Something is wrong with SPE 166423. Two days I'm trying to repeat the example in SPE 166423 (see text just below fig. 7). Please correct me where is my fault.

Input data
Metal = CS 1018
Erosion rate ER[sub]Li[/sub] = 6.5E-10 dimensionless
Thickness Loss Ratio TLR = 0.258 mm/y = 2.58E-4 m/y
DN pipe = 4 in = 100 mm = 0.1 m
Entrainment fraction (volumetric?) EF = 0.14 dimensionless
Gas superficial velocity = 30 m/s
Liquid superficial velocity = 0.09 m/s

Calculation
Impact Area A[sub]p[/sub] = πDN[sup]2[/sup]/4 = 3.14 * 0.1 m * 0.1 m / 4 = = 7.85E-3 m[sup]2[/sup]
Volume of dropless V[sub]drops[/sub] = TLR*A[sub]p[/sub]/ER[sub]Li[/sub] = 2.58E-4 m/y * 7.85E-3 m[sup]2[/sup] / 6.5E-10 = 3.11E3 m[sup]3[/sup]/y
Volume of dropless V[sub]drops[/sub] = 3.11E3 m[sup]3[/sup]/y / ( 8.76E3 h/y * 3.6E3 s/h) = 9.86E-5 m[sup]3[/sup]/s
Total volumetric flowrate (gas+liq)V[sub]total[/sub] = V[sub]drops[/sub]/EF = 9.86E-5 m[sup]3[/sup]/s / 0.14 = 7.04E-4 m[sup]3[/sup]/s
Mixture velocity (gas+liq) = V[sub]total[/sub]/A[sub]p[/sub] = 7.04E-4 m[sup]3[/sup]/s / 7.85E-3 m[sup]2[/sup] = 0.09 m/s

Output
My mixture velocity is equal to Tulsa's liquid superficial velocity. It makes no sense. If one considerS superficial velocity difference between gas and liquid then mixture velocity shall be between gas and liquid velocity. But instead of this mixture velocity is equal to liquid.

Does it mean next?
Two phase fluid goes through pipe with velocity 30 m/s, this fluid has 14% of liquid in form of ~200 µm droplets. These droplets strike impingement area with velocity 0.09 m/s (!) and cause erosion?
What?
 
A lot has been written, let me sum up:

1. In non-corrosive no-solids two phase service some erosion can occure.

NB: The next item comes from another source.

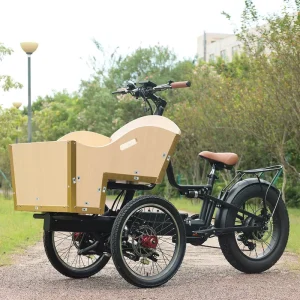 3 Wheel Electric Cargo Bike 48V 500W 750W Brushless Lithium Battery 20 Inch Rear Wheel Fat Tire Trike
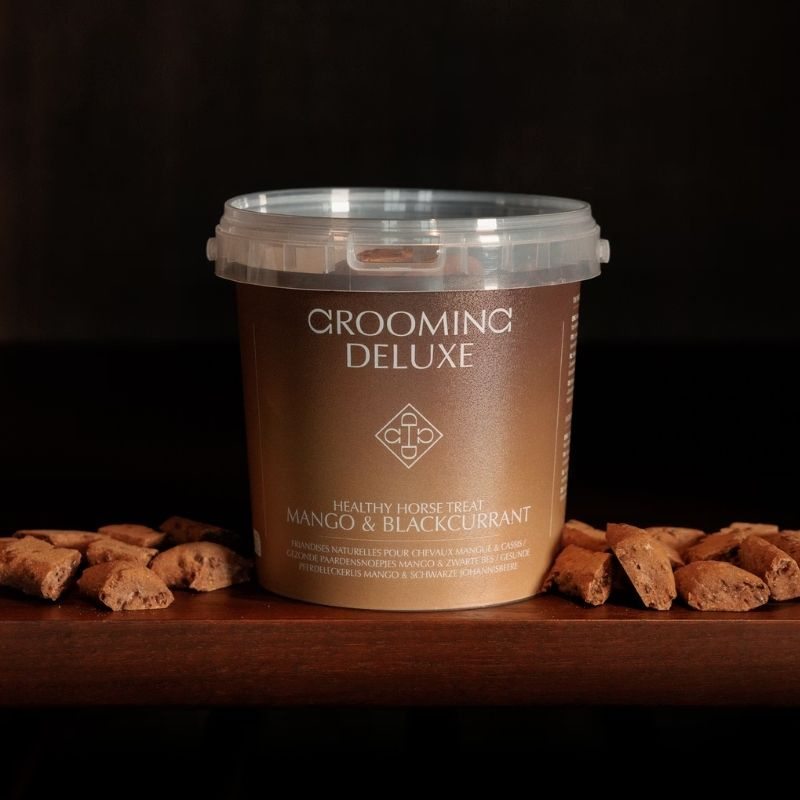 Pferdeleckerlis Healthy Horse Treats Mango & Blackcurrant 500g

This erosion is a result of high velocity.
2. Threshold velocity can be considered:
- for stainless steel 80-100 m/s
- for carbon steel 30-80 m/s
3. For erosion prediction API 14E and ISO 13703 are widely used.
4. There known researches exist which state API 14E / ISO 13703 erosion prediction overestimates erosion velocity. This point is accepted by some huge oil and gas corporations design practices.
5. Instead of this API 14E / ISO 13703 are kept on in service in many companies.
6. Other erosion models were developed. These models were made on water/air and brine/air mixtures as these mixtures are easy to work with in laboratory. There is no signs these models were tested on real oil and gas facilities as a good engineering practice requires.
7. These models are not widely accepted. They are academic researches but not engineering practices. These models have no:
- limits of applicability
- accuracy
- reproducibility
8. SPE 166423 is general known as a good source that criticises API 14E / ISO 13703. Model in SPE 166423 can't be used as it has unknown input data:
- droplets diameter
- impact velocity
- total volume of droplets
9. Lack of good engineereng practice (and other non engineering reasons) is a reason why many companies keep on using API 14E / ISO 13703 erosion model.

Forum, please correct me where I'm wrong.